[Scipy-svn] r5209 - in trunk/scipy: cluster spatial
scipy-svn at scipy.org
scipy-svn at scipy.org
Sun Nov 30 10:19:26 EST 2008
Author: ptvirtan
Date: 2008-11-30 09:19:11 -0600 (Sun, 30 Nov 2008)
New Revision: 5209
Modified:
trunk/scipy/cluster/hierarchy.py
trunk/scipy/spatial/distance.py
Log:
Fix bad latex in docstrings
Modified: trunk/scipy/cluster/hierarchy.py
===================================================================
--- trunk/scipy/cluster/hierarchy.py 2008-11-30 14:48:09 UTC (rev 5208)

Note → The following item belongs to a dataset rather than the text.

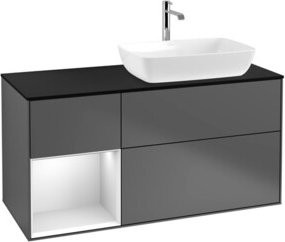 V&B Waschtischunterschrank Finion in Anthrazit, Breite: 120 cm, Tiefe: 50,1 cm, Höhe: 50,1 cm - Bild 1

+++ trunk/scipy/cluster/hierarchy.py 2008-11-30 15:19:11 UTC (rev 5209)
@@ -506,7 +506,7 @@
.. math::
d(u,v) = \sum_{ij} \frac{d(u[i], v[j])}
- {(|u|*|v|)
+ {(|u|*|v|)}
for all points :math:`i` and :math:`j` where :math:`|u|`
and :math:`|v|` are the cardinalities of clusters :math:`u`
Modified: trunk/scipy/spatial/distance.py
===================================================================
--- trunk/scipy/spatial/distance.py 2008-11-30 14:48:09 UTC (rev 5208)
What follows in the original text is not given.